Manufacturers can boost production, eliminate waste and save money by following a scientific problem-solving technique created by Motorola.
Manufacturers Resource Center in Hanover Township, Lehigh County, said it has adapted this technique for training courses to help companies implement customized projects to ensure a return on investment.
Wednesday, leaders at three Lehigh Valley businesses shared details of the projects they worked on to obtain Six Sigma Green and Black Belt Certification in a forum at MRC’s office.
Their case studies delved deeper into how managers on the production floor used Lean Six Sigma to improve their businesses. The MRC programs show how to use the problem-solving methodology to create changes across a spectrum of areas, from product quality and capacity to organizational layouts on the shop floor.
“The most important thing to realize is, I don’t have to do it myself,” said Donna Warman, production manager for Sussex Wire, a manufacturer in Palmer Township. “It’s a team effort.”
For her company’s project, the goal was to improve the original equipment manufacturing on seven machines.
“We were capturing real time data on why the machines were down,” Warman said.
The team developed short-term action items, which included revising the machine site, and eventually found quality and production were not agreeing.
Often, manufacturers think they need to buy additional, often expensive equipment to solve production problems in the work area, but sometimes clearing and rearranging the organization of the production floor layout and using more vertical space can boost productivity.
At Sussex Wire, the company is now producing 2.5 million parts a week, which is an increase.
ADVICE FROM THOSE NOT INVOLVED
Warman was helped by buy-in from employees, which she said took time. But once they are involved and see the benefit, the project goes smoother.
“You really need to have the people that are doing the work involved,” Warman said. “We got people on the team that had nothing to do with that product line. That was key, to get people outside of the project you were working on.”
These employees often would see problems that people who worked on that product line all the time would miss, she added.

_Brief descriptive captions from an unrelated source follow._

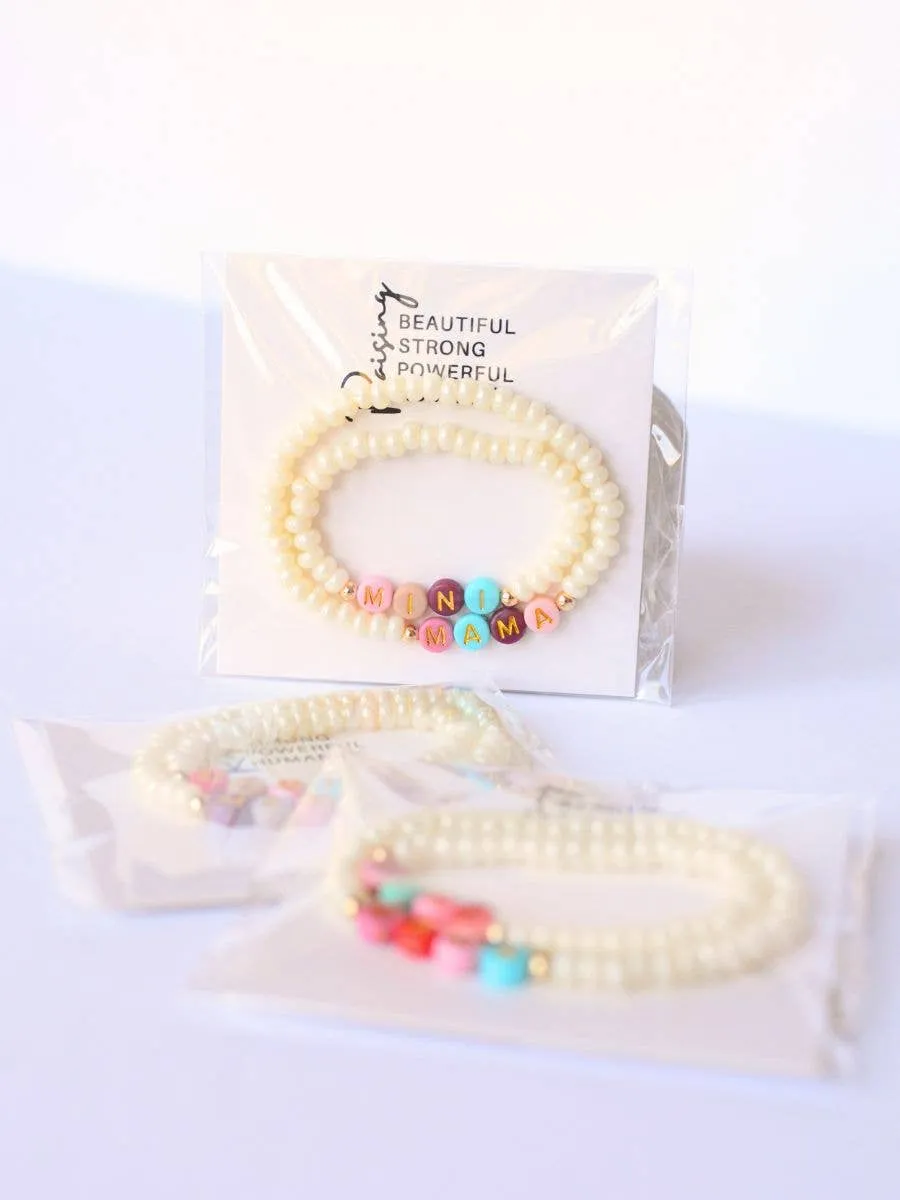 Inspirational Pearl Mama MINI matching Mom bracelet jewelry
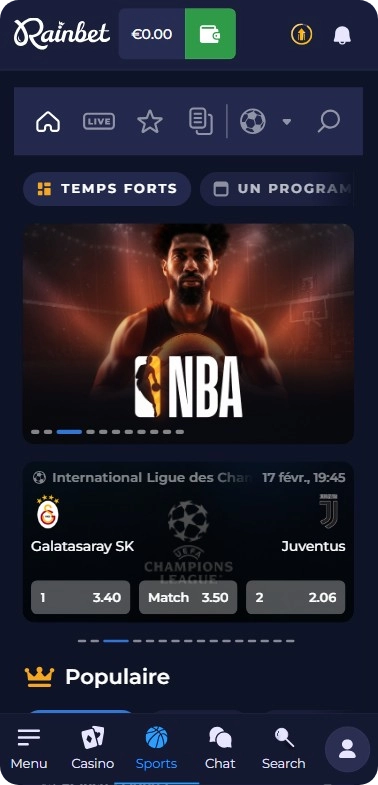 Section paris sportifs Rainbet couvrant 40+ disciplines avec cotes live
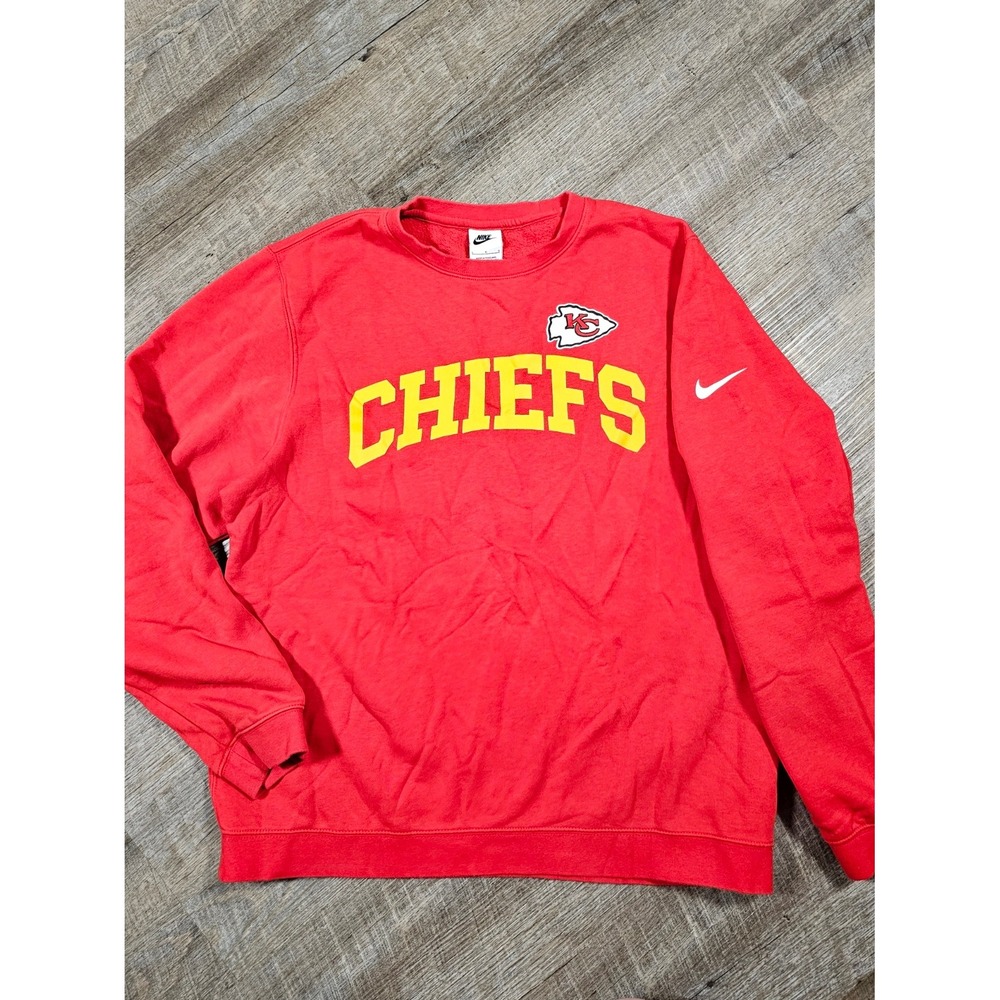 Nike Kansas City Chiefs Sweatshirt Mens Large Red Fleece Crewneck Pullover NFL‎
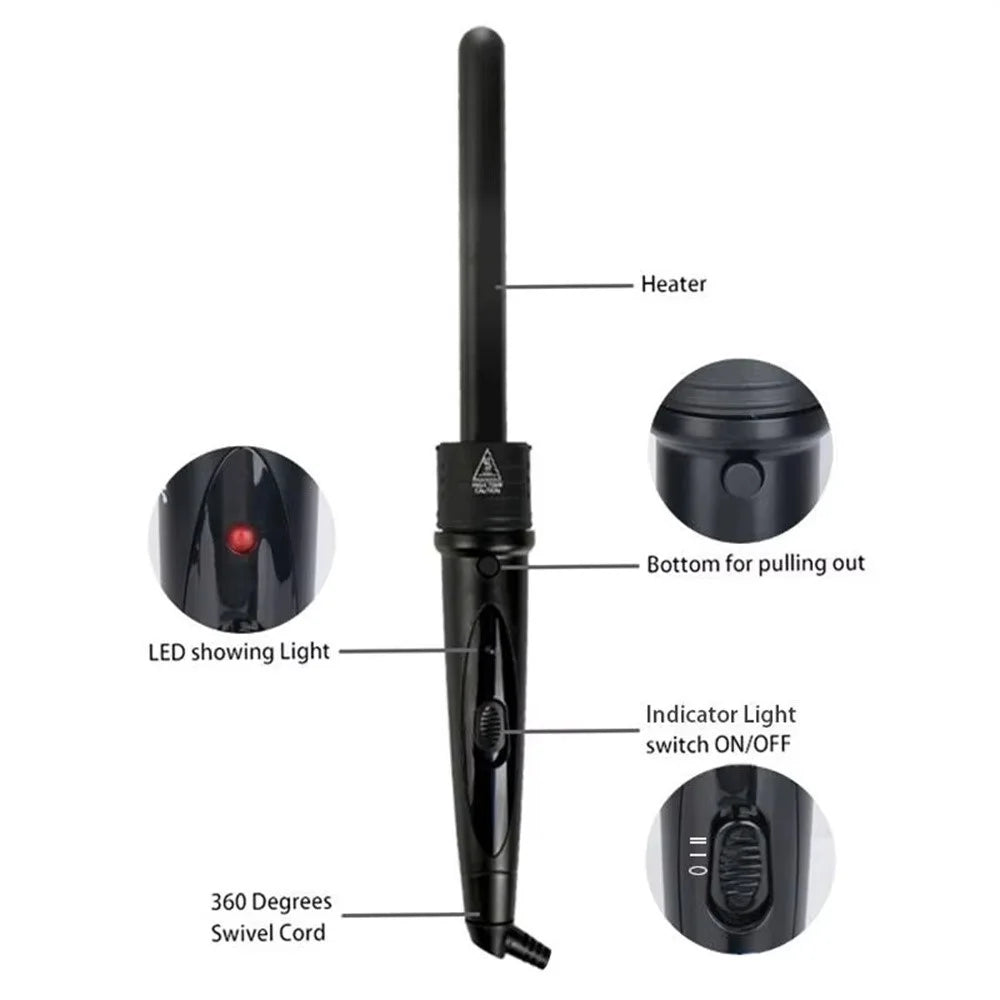 Curling Iron with 5 Interchangeable Heads Ceramic Curler Fast Heating Hair Styling Tool, EU Plug - 4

The program includes individualized on-site project mentoring meetings. The Six Sigma Green Belt course is designed for people with little-to-no prior experience with these techniques. Typically, these projects save at least $25,000 to $50,000 in process improvement.
Projects that help people acquire Six Sigma Black Belt certification typically save $50,000 to $100,000 in process improvement.
RETURN ON INVESTMENT
Richard Titus, an adjunct instructor at Lehigh University and a Master Black Belt who spent nearly 20 years at Ingersoll-Rand, is the trainer for the MRC program.
The purpose is to build a project pipeline and funnel resources toward it, Titus said. Each project is different, so it is customized.
“There has to be some payback to your organization,” Titus said. “We do want to generate value to the company.”
Taking the course and finishing it will give people confidence, but MRC also wants to show companies that they are getting a return on their investment, said Diane Lewis, manager of business development services at MRC.
“We want you to be successful and your company to be successful,” Lewis said.
ANNUALLY SAVING 36,000 POUNDS OF PAINT
A case study from Crayola in Forks Township showed how the techniques helped the company.
After completing a project on the watercolor line, the team saved the company money in the amount of watercolor paint it was shipping and by creating other efficiencies, said Lauren Migliore, process improvement engineer of Crayola.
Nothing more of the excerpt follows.